Ultra-Ortodoxos Exigem Dinheiro, Passageiros Fora dos Ônibus

Como protestos contra a lei do alistamento e exigências de dinheiro dos ultra-ortodoxos fazem passageiros descer dos ônibus em Jerusalém e arredores

Nos últimos dias, e especialmente nas noites recentes, viajar de transporte público no centro de Jerusalém e nas áreas ao redor transformou-se numa experiência de impotência. Distúrbios semelhantes não foram registrados apenas em Jerusalém, mas também na cidade próxima de Beit Shemesh, onde bloqueios de ruas e confrontos se espalharam por bairros residenciais. Vias centrais como a Rua Yehezkel, a área de Shmuel HaNavi e o entroncamento Bar-Ilan foram fechadas repetidas vezes, forçando motoristas de ônibus a deixar passageiros muito antes do destino, dar meia-volta e retornar aos terminais de origem.

Por trás dos bloqueios está um amplo protesto ultra-ortodoxo contra a lei do alistamento, ao lado de exigências para manter e até ampliar o financiamento estatal ao setor. Isenções do serviço militar, benefícios para famílias numerosas, orçamentos para escolas religiosas e subsídios específicos fazem parte da luta travada nas ruas, mas que atinge diretamente cidadãos que nada têm a ver com ela.

O resultado é visível no terreno. Passageiros são obrigados a descer no meio do trajeto, alguns com crianças e carrinhos, e precisam caminhar centenas de metros e às vezes quilômetros. Táxis muitas vezes não conseguem entrar nas áreas bloqueadas e, em outros casos, são cobradas tarifas excepcionalmente altas de quem tenta contornar as barreiras.

Como é o trajeto quando as artérias de Jerusalém estão bloqueadas?

“O ônibus parou de repente, o motorista disse que não havia passagem e mandou todos descerem”, conta um passageiro. “Não havia ponto, não houve explicação. Apenas caminhamos.”

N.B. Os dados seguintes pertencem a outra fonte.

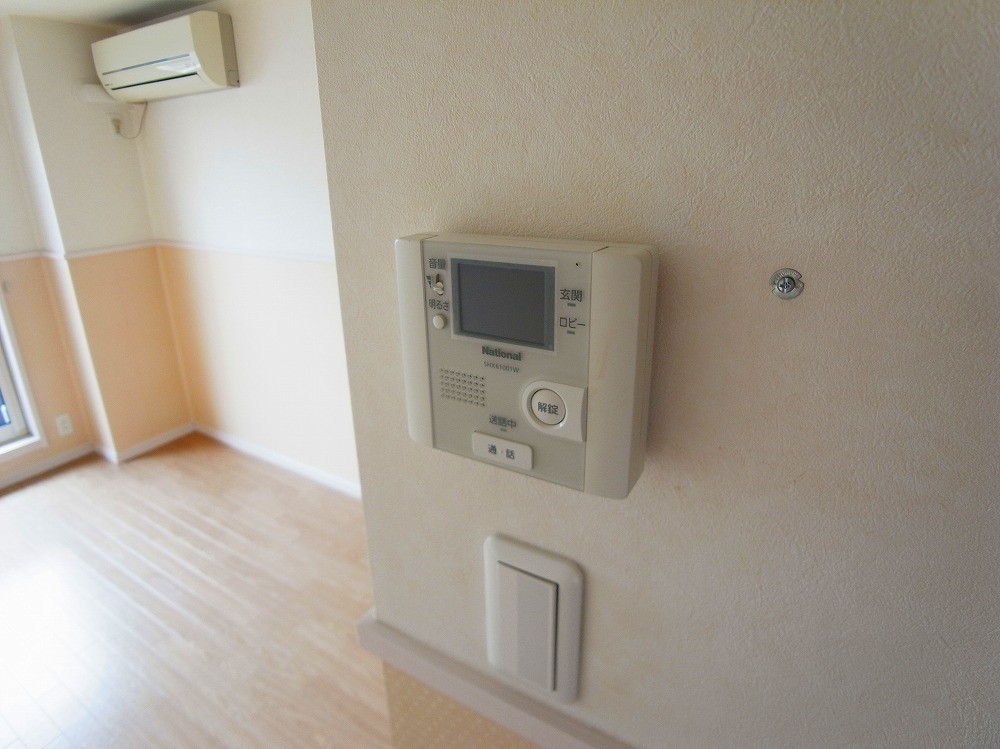 アルフリーベ  その他3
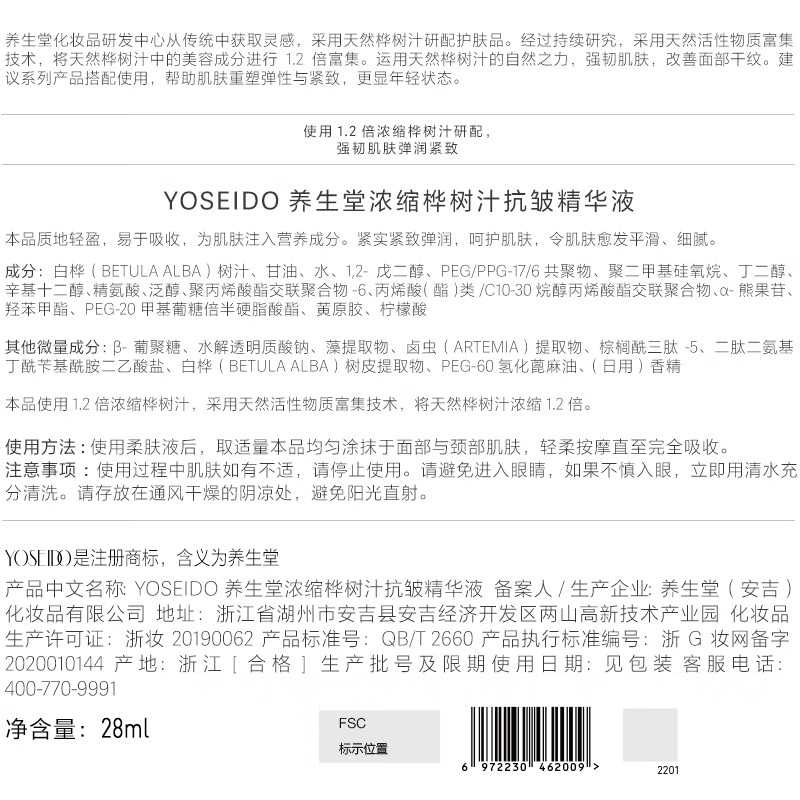 养生堂浓缩桦树汁抗皱精华液28ml/瓶高清大图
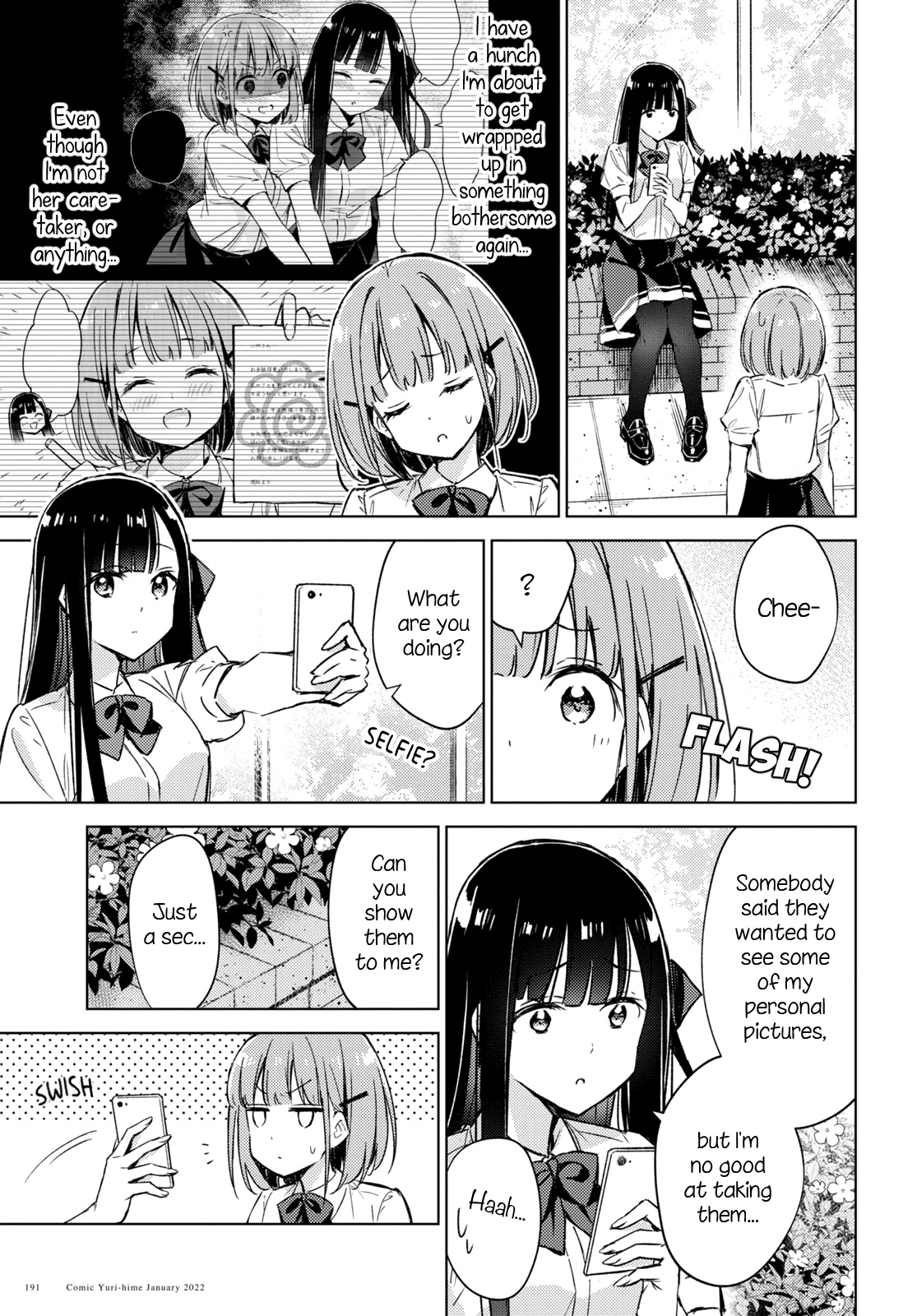 Amaesasete Hinamori-San! - Chapter 3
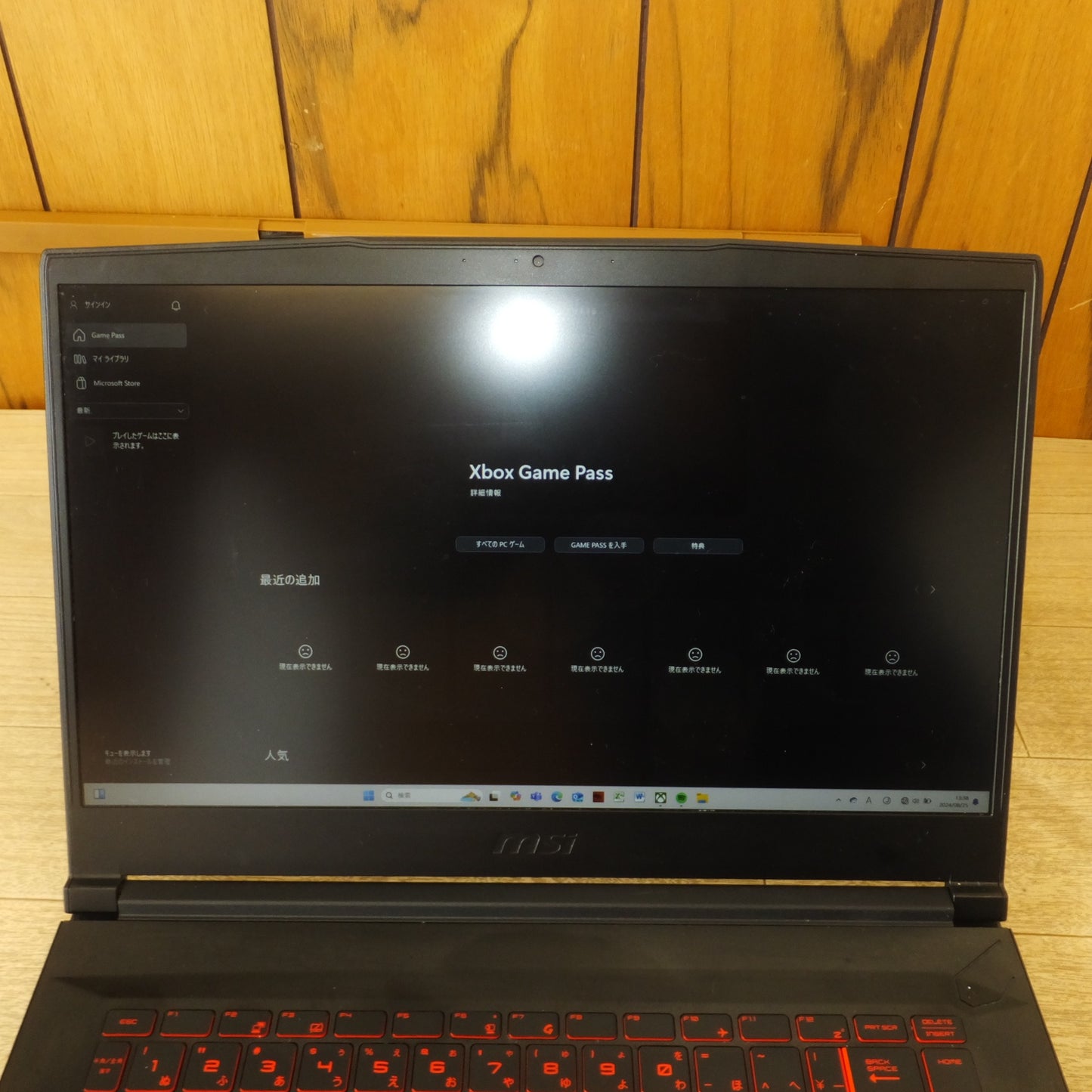 [送料無料] ★MSI ゲーミングノートPC MS-16R4　NotebookPC 筆記型電脳　256GB　Core i7-10750H 2.6GHz　RAM 16GB★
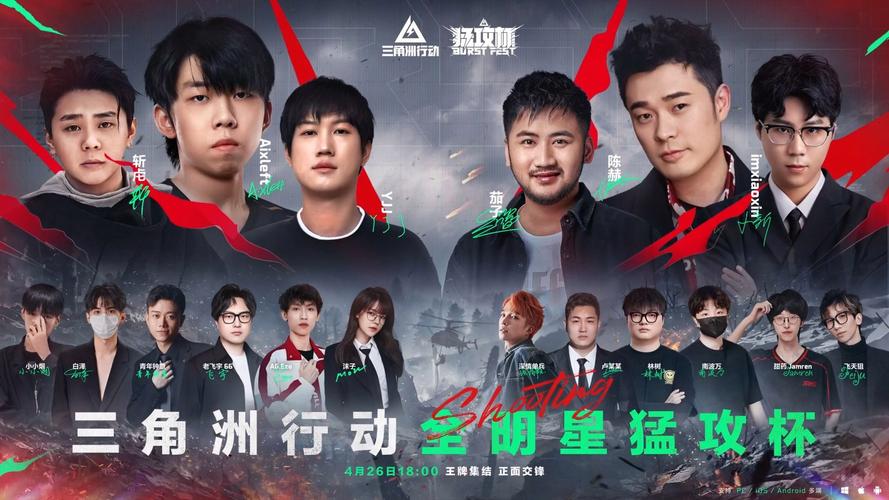 lol陈赫_陈赫lol战队_陈赫lol什么段位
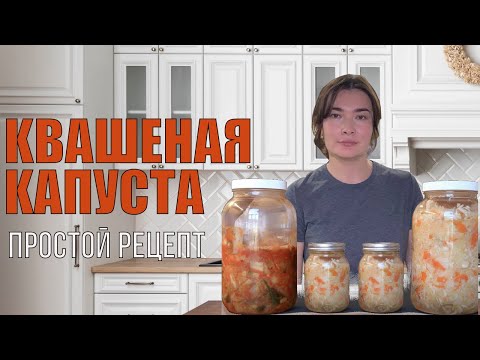 Видео: это ЛУЧШЕЕ что ты можешь сделать из капусты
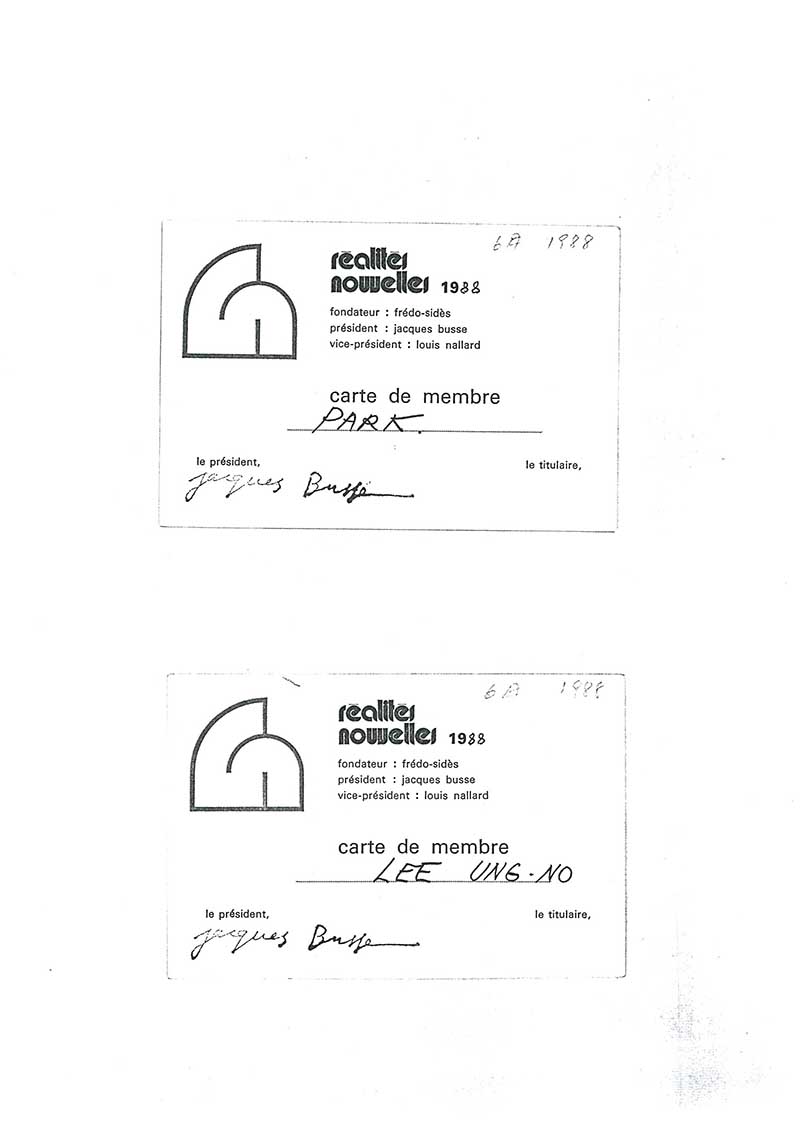 《Réalités Nouvelles》 회원카드 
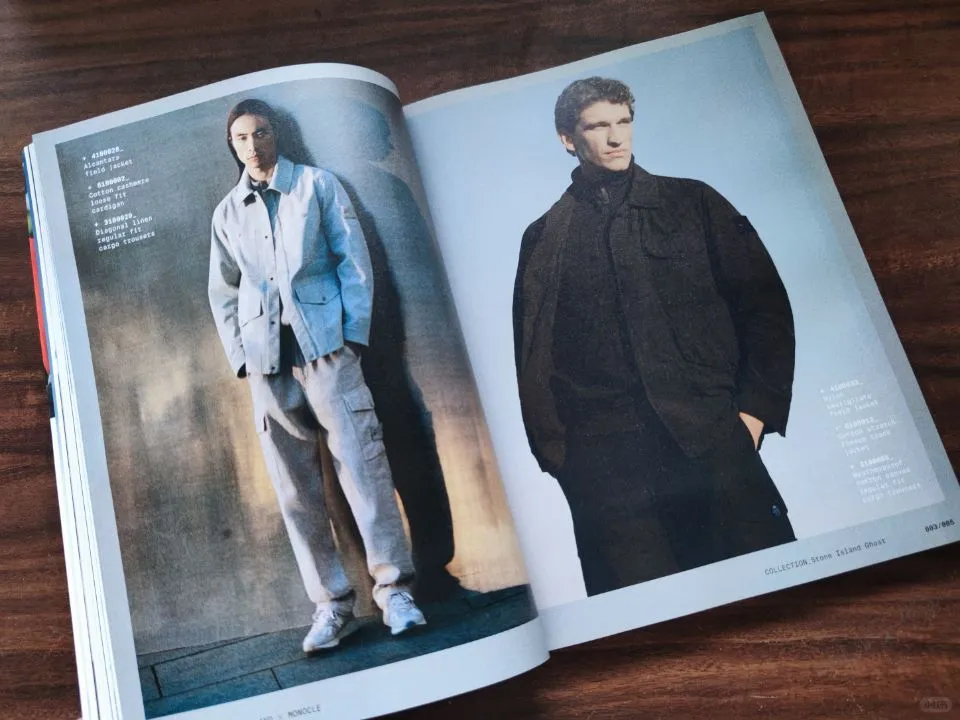 Monocle 181期 链接全球房地产与城市的未来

Essas cenas se repetem continuamente, especialmente na região do entroncamento Sanhedria, ao longo da Avenida Golda Meir e nas subidas de Har Hotzvim, que já não permitem acesso ao centro da cidade por causa dos bloqueios. Passageiros acabam descendo longe do destino, procuram rotas alternativas e descobrem que até aplicativos de navegação se tornam inúteis quando todas as principais vias estão fechadas.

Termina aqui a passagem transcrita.